Task goal → With both ends included, repeat exactly the lines of the entries below from the one containing "Kapelusz damski nowy" down to the one containing "Christmas Gonk Wax Melts", and no others.

Excerpted data →
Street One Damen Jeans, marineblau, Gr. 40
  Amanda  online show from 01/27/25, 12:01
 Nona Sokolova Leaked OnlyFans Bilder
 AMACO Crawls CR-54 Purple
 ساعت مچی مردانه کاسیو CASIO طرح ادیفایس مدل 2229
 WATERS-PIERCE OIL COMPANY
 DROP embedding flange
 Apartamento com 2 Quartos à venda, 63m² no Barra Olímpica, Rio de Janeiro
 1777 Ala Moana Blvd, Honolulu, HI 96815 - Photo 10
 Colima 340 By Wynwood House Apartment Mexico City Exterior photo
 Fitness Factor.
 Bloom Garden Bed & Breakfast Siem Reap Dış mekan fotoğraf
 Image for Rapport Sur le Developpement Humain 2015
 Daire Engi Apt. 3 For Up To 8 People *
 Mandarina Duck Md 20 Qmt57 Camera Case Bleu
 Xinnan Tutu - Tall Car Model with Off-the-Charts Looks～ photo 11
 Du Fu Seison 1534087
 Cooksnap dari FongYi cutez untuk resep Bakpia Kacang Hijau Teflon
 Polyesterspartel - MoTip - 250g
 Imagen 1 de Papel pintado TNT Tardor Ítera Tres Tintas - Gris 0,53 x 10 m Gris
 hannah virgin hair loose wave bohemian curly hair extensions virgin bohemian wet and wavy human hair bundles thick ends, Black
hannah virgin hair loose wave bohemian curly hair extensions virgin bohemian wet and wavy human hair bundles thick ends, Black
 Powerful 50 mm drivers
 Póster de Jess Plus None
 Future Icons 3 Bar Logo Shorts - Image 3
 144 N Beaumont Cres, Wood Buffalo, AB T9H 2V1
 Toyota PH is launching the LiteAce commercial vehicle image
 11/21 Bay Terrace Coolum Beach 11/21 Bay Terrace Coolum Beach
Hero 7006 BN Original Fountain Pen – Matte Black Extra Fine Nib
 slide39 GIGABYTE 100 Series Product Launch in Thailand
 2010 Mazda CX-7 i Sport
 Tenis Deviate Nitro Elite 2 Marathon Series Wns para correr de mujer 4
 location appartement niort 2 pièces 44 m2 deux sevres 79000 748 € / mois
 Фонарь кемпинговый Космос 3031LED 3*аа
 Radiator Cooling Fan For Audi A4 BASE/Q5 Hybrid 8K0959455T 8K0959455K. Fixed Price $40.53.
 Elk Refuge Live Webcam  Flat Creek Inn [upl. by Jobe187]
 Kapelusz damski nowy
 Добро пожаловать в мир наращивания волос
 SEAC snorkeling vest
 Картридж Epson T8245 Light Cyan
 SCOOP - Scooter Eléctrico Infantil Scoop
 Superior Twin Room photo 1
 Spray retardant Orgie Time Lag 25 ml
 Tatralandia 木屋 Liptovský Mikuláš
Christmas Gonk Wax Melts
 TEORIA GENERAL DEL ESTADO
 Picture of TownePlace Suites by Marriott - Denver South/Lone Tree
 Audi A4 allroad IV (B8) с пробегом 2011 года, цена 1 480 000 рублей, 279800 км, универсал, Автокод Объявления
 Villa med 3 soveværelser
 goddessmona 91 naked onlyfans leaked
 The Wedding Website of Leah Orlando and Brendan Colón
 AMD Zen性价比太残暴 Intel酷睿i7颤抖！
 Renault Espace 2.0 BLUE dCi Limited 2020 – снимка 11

Completed task →
 Kapelusz damski nowy
 Добро пожаловать в мир наращивания волос
 SEAC snorkeling vest
 Картридж Epson T8245 Light Cyan
 SCOOP - Scooter Eléctrico Infantil Scoop
 Superior Twin Room photo 1
 Spray retardant Orgie Time Lag 25 ml
 Tatralandia 木屋 Liptovský Mikuláš
Christmas Gonk Wax Melts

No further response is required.